No.2 6点 人並由真 2025/06/30 05:04
(ネタバレなし)
 太宰治の名作『走れメロス』の大筋と本文の一部を借款しながら謎解き要素を導入して、全5話の連作ミステリ集にしたパロディ作品。
 作者は舞台となった古代ギリシアの史実も探求したようで、ちゃんとその時代にいたはずの意外な歴史上の人物も登場する(一方で、メタギャグ的なキャラクターも用意されている)。

 原典の『走れメロス』(大昔に読んだ)を青空文庫で確認すると、1万字強、400字詰め原稿用紙にして、改行・余白込みで26~30枚と短い短編だと改めてわかる。そのため原典ではメロスが自分とセリヌンティウスの命をかけて結婚式を祝いに行く妹の固有名詞などはネーミングされていないが、パロディの本作では「(妹だから)イモートス」と命名。さらにとある事件の目撃者は「ミタンデス」(ガトランティスの監視役ミルかい)、ある事件の被害者は「キラレテシス」……などなど、総じて愉快なネーミングで登場する。この趣向だけで笑える。

 各編のトリックやミステリ的な創意は、現代ミステリとしてはまあ、中の中~上といったレベル。たぶん作者が一番の自信作でヤマ場にもってきたらしいアイデア(トリック)は、惜しいかな評者がこの10年の間に読んだ作品のなかに先例めいたものがある。
 むしろ個人的には、第3話のバカバカしいアイデアが最もオモシロかった。もしかしたら作者の一番の自信ネタは、こっちかも?
 
 著者の作品を読むのは、デビュー作に次いでまだ二冊目だけど、書き手本人が楽しみながらミステリを組み立てているような気配があり、その辺がよろしい(いや実際には、余人にはわからぬ苦労のほどが、きっと色々あるんだろうけど)。
 未読の作品もおいおい手に取っていこう。

No.1 7点 メルカトル 2025/06/21 22:48
自身の身代わりとなった親友・セリヌンティウスを救うため、3日で故郷と首都を往復しなければならないメロス。しかし妹の婚礼前夜、新郎の父が殺された。現場は自分と妹しか開けられない羊小屋。密室殺人である。早く首都へ戻りたいメロスは、急ぎこの事件を解決することに!? その後も道のりに立ちふさがる山賊の死体や、荒れ狂う川の溺死体。そして首都で待ち受ける、衝撃の真実とは? 二度読み必至の傑作ミステリ!
Amazon内容紹介より。

『吾輩は猫である』と並んで日本で最も有名な書き出しの『走れメロス』のパスティッシュです。原作は読んでいないので、どこまでが筋をなぞっているのかよく解りませんが、ミステリならではのガジェットが満載の好篇だと思います。決して色眼鏡で軽んじてはいけない本格ミステリです。勿論現代の話ではありませんので、科学捜査とかとは無縁の世界ですが、基本的には現代物と通底しており様々なトリックを楽しめます。
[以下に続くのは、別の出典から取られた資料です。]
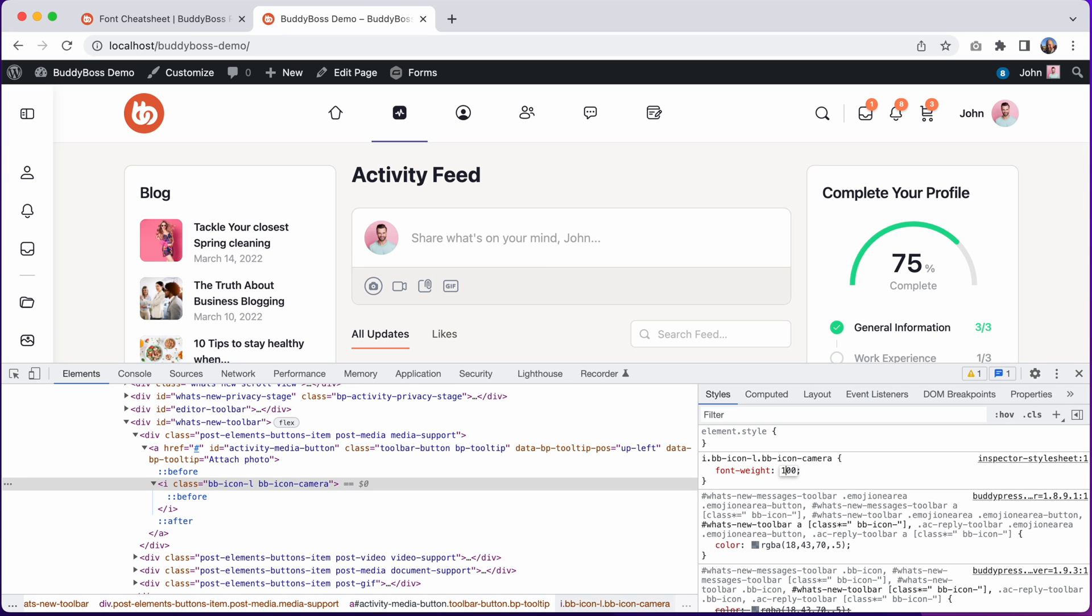So I could set it to 100, 200, 300, 400, 500, or 600. So you can see with font weight alone, we can view all six icon variations.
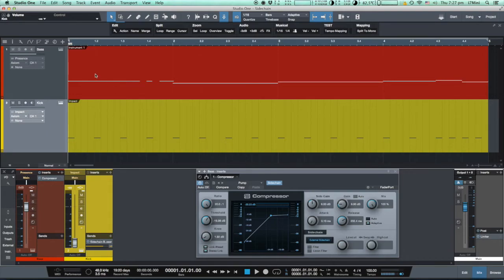However, the compressor will get the same signal like before and reduce the volume of the bass guitar.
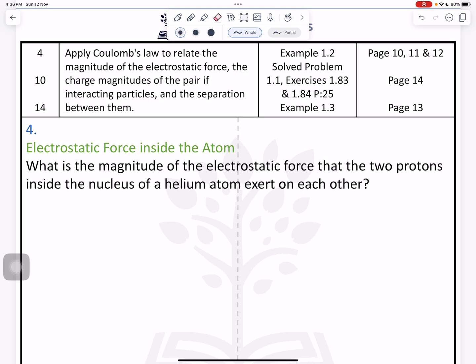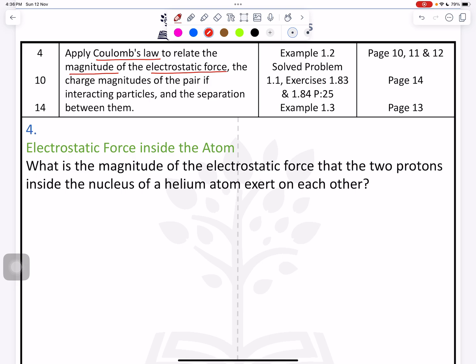Question number four: apply Coulomb's law to relate the magnitude of electrostatic force. We need to find the electrostatic force between the pairs. We have the formula F = k × q1 × q2 divided by r squared. This is Coulomb's law — it relates the magnitude of electrostatic force to the charge magnitude of the pair of interacting particles and the separation between them. It's very easy; just apply the formula and you can solve the question.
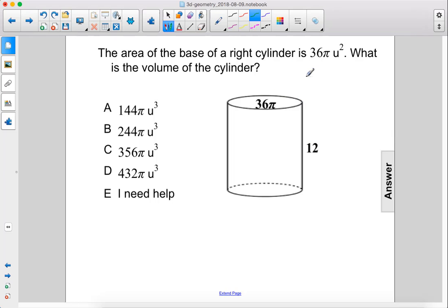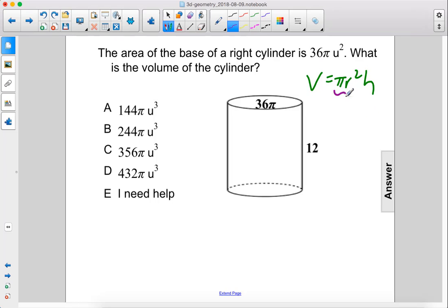The volume of a cylinder equals pi r squared h. In this case, pi r squared is the area of the base, which equals 36 pi.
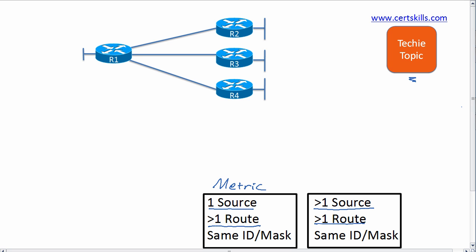Well, that router has to think about the administrative distance, which is a number that tells the router which of those routing sources is more believable. I've got another Techie Topics video on administrative distance and you can watch that.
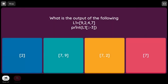What is the output of: L1 = [9, 2, 4, 7]; print(L1[::-3])? Using ::-3 means we are reversing the list and selecting every third element. In reverse, first 7 is displayed, then every third element backwards gives 9. So the output is [7, 9].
もじったネーミングセンスも良いので、誰が誰だかすぐに判ります。また、メロスに簡単に感情移入出来ますので、話にもすんなり入って行けます。殺人事件そのものはそれ程謎めいてはいないですが、解決編が一々面白いのでストンと腑に落ちます。文章も紀元前の物語とは思えないほど解りやすく、意外な人物も登場して、最後まで楽しめます。